[Provided data Boundary: Start]

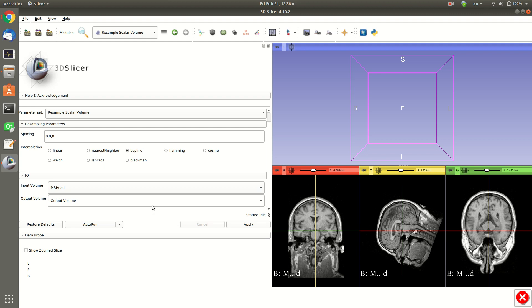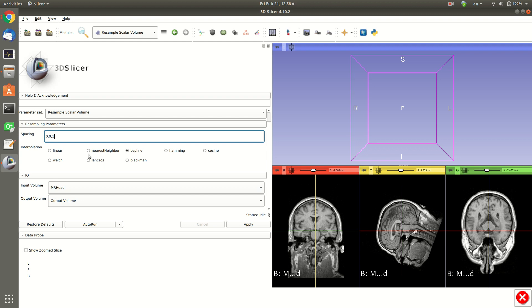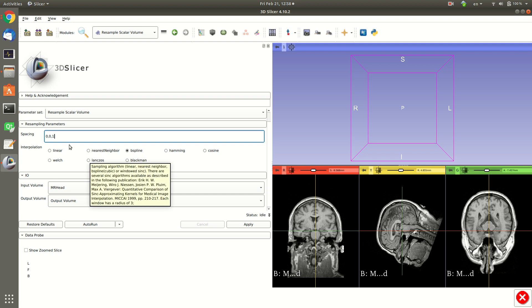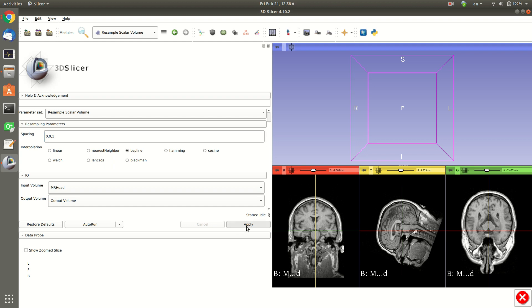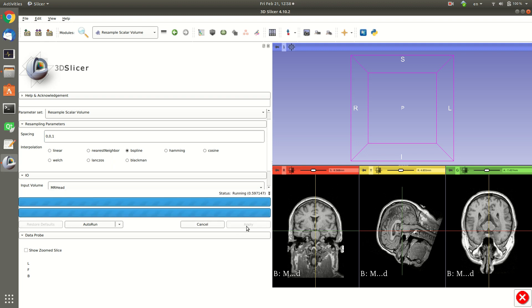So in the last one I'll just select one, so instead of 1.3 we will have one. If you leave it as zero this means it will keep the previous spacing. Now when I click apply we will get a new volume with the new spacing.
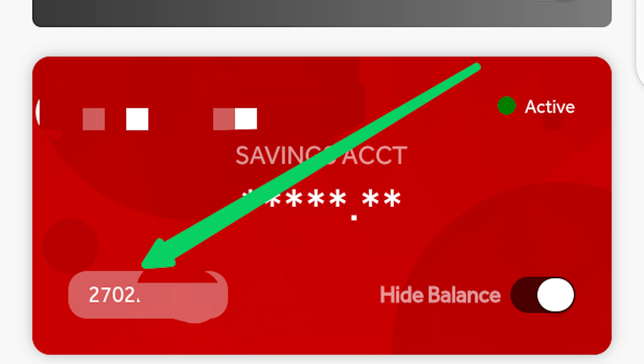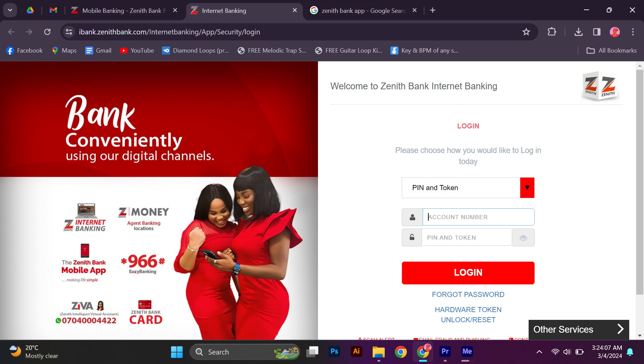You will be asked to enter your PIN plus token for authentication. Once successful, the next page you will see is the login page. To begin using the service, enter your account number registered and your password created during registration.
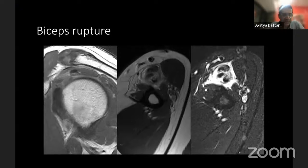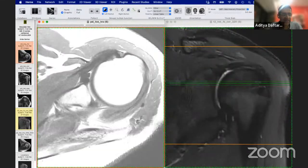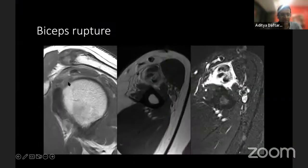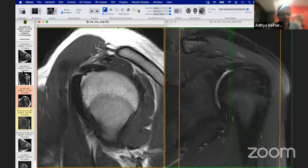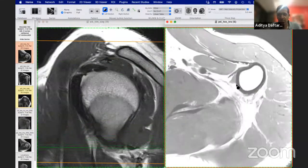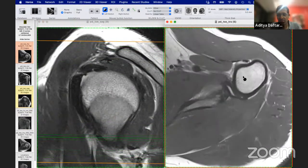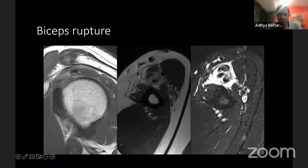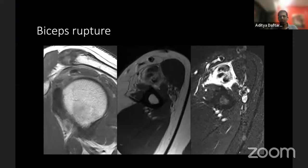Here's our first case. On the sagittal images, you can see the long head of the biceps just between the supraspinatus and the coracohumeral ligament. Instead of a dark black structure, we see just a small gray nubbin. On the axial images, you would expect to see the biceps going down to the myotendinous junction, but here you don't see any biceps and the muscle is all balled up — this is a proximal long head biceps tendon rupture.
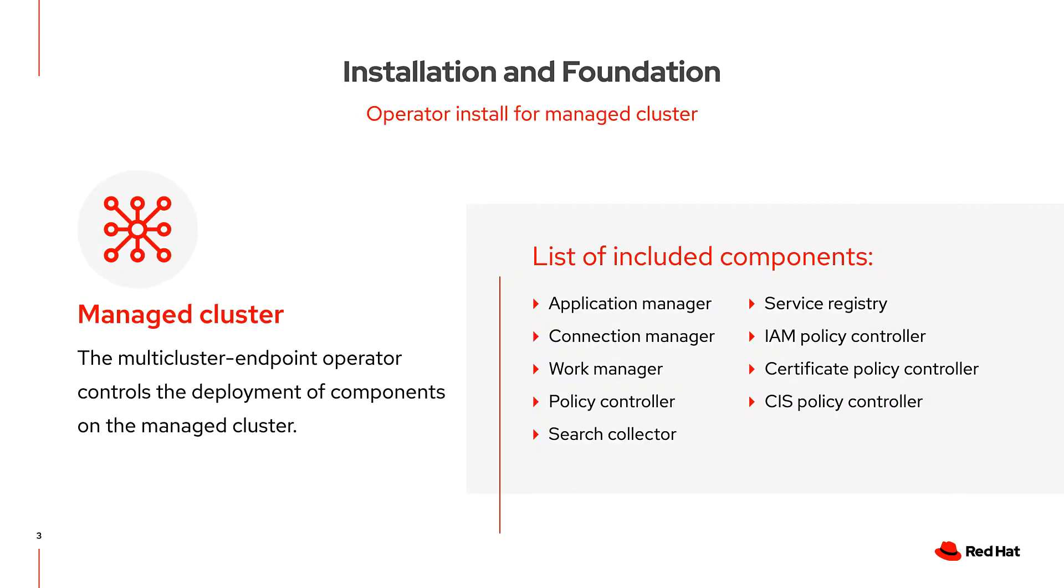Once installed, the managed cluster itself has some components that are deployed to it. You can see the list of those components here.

[Provided data Boundary: End]

■ How to complete this task: Copy the whole of the material above exactly, but not its images.

■ Exercise response:
So in the last one I'll just select one, so instead of 1.3 we will have one. If you leave it as zero this means it will keep the previous spacing. Now when I click apply we will get a new volume with the new spacing.
You will be asked to enter your PIN plus token for authentication. Once successful, the next page you will see is the login page. To begin using the service, enter your account number registered and your password created during registration.
Here's our first case. On the sagittal images, you can see the long head of the biceps just between the supraspinatus and the coracohumeral ligament. Instead of a dark black structure, we see just a small gray nubbin. On the axial images, you would expect to see the biceps going down to the myotendinous junction, but here you don't see any biceps and the muscle is all balled up — this is a proximal long head biceps tendon rupture.
Once installed, the managed cluster itself has some components that are deployed to it. You can see the list of those components here.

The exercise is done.